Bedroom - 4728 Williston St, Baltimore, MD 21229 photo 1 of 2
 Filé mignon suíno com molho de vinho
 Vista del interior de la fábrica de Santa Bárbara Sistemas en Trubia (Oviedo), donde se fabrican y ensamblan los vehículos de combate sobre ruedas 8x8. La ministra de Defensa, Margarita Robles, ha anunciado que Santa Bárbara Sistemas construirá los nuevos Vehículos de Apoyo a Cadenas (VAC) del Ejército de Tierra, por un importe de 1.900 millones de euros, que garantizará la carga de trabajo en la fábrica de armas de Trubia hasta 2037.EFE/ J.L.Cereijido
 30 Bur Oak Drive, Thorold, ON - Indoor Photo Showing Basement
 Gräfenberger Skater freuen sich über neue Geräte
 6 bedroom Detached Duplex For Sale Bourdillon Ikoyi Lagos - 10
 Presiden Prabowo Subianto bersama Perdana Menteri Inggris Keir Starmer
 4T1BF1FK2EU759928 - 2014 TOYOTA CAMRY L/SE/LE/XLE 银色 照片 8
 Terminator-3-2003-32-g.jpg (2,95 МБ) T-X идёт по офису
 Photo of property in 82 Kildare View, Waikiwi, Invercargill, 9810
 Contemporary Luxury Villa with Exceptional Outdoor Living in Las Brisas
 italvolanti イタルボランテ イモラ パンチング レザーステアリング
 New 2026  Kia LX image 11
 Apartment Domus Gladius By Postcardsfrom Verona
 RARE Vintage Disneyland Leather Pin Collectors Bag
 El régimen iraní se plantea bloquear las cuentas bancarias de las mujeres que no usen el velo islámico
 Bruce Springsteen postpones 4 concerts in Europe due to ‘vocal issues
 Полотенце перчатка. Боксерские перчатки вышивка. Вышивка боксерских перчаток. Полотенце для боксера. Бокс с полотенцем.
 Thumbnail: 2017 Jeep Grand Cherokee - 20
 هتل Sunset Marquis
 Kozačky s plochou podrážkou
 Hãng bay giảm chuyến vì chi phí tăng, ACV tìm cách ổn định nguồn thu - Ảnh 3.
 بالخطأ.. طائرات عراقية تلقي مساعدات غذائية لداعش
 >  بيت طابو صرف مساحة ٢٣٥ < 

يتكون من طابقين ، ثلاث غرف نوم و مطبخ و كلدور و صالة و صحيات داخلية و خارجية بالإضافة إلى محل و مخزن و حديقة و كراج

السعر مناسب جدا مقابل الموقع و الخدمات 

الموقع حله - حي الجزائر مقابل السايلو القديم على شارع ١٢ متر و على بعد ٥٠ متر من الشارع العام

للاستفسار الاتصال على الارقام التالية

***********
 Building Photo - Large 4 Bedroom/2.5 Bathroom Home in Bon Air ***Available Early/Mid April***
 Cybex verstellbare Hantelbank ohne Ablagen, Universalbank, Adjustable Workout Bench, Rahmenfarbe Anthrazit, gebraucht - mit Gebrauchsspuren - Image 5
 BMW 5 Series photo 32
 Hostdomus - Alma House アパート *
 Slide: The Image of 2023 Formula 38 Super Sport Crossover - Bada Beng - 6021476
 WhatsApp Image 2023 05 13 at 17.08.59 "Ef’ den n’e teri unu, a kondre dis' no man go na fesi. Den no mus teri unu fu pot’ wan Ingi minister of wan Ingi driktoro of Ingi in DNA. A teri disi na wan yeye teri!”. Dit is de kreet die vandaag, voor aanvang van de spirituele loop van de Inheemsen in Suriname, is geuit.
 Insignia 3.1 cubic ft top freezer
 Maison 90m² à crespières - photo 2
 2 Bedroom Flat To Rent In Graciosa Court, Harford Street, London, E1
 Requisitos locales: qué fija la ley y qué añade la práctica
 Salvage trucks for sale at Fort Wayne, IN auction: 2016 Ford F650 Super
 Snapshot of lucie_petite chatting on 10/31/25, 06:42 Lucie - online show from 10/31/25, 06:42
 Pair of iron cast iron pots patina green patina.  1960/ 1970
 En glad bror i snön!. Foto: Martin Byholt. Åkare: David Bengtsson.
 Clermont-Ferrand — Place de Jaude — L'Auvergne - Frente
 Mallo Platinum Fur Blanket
● ● ● ● ●
THE PROBLEM —
Check the records above and copy each line that has the string "Super".

TASK SOLUTION —
 Slide: The Image of 2023 Formula 38 Super Sport Crossover - Bada Beng - 6021476
 Salvage trucks for sale at Fort Wayne, IN auction: 2016 Ford F650 Super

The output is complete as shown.